GÜNLÜK ÖNERİLEN MİKTAR
FAYDALI ETKİLERİ
- Riboflavinin enerji üretiminde ve glutatyon yenilenmesinde oldukça önemli bir rolü vardır.
- Diyetle riboflavin alımı azaldığında özefagus kanseri ile ilişkili bulunmuştur.
- Riboflavin saf riboflavin ya da aktive riboflavin (riboflavin 5-fosfat) şeklinde kullanılabilinir.
- Riboflavin temel olarak migren, katarakt ve orak hücreli anemide kullanılır.
MİGREN ÖNLENMESİ:
Migren için geliştirilen hipotezlerden birisi beyin damarlarının içindeki mitokondrialardaki enerji üretiminin azalmasıdır. Bu yüzden, mitokondrial enerji verimini artıran riboflavin migren gelişimini önleyebilir. Bunu test etmek için 49 migrenli hastaya, 400 mg/gün riboflavin 3 ay boyunca verildi. 23 hasta ayrıca 75 mg/gün asprin aldı. Riboflavin alan grupta % 68,2 oranında migren şiddetinde azalma saptandı. İlaca bağlı yan etki saptanmadı. Bu sonuca göre yüksek doz riboflavin migren proflaksisisnde kullanılabilir.
KATARAKT:
Bazı bilim adamları riboflavin eksikliğinin, glutatyon rejenerasyonunu azalttığı için katarakt oluşumunu arttırdığına inanıyor. Yaşlılarda riboflavin eksikliği oldukça yaygındır. Yapılan çalışmalarda katarakt ile riboflavin eksikliği arasında ilişki saptanmamıştır.

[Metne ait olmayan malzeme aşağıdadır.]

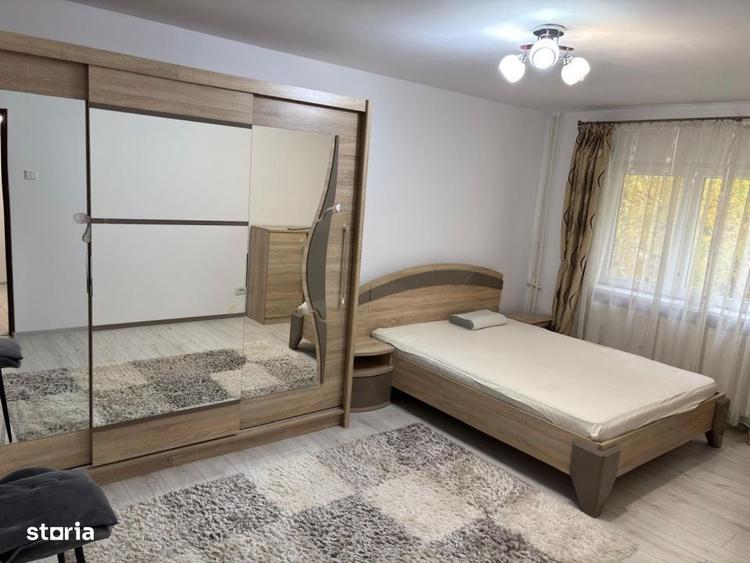 Apartament cu 3 camere decomandat în Rovine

Riboflavin eksikliği olanda destek vermek mantıklıdır. Ancak kataraktı olanlarda 10 mg/gün’den fazla riboflavin verilmemelidir. Riboflavin ışığa duyarlı bir madde olduğu için yapılan çalışmalarda riboflavin,oksijen ve ışık etkileşerek serbest radikal oluşturup katarakta neden olabildiği gösterilmiştir. Buna göre riboflavin fazlalığı kataraktlı hastaya faydadan çok zararlı olmaktadır.
ORAK HÜCRELİ ANEMİ:
Günde iki kez 5 mg riboflavin alınması orak hücreli anemililerde fayda sağlamaktadır. Yapılan bir çalışmada orak hücreli anemisi olan 18 hastaya riboflavin verilmesi ile demir (serum ferritin ve demir bağlama kapasitesi arttı) ve glutatyon seviyeleri düzeldi.
DOZ ARALIĞI
Sağlıklı bireyler için günlük 5-10 mg riboflavin alınması makül gözüküyor. Yapılan çalışmalarda migren ataklarının önlenmesi için 400 mg/gün riboflavin verilmiştir. Ancak yapılan çalışmalarda oral tek doz riboflavin aldığında 20 mg’dan fazlasının emilemediği bulunmuştur.
Riboflavine bağlı yan etki ve toksisite bildirilmemiştir.
Riboflavin tiaminle etkileşir. Bazı ilaçlar, özellikle de sıtma ilaçları riboflavin metabolizmasını etkilerler.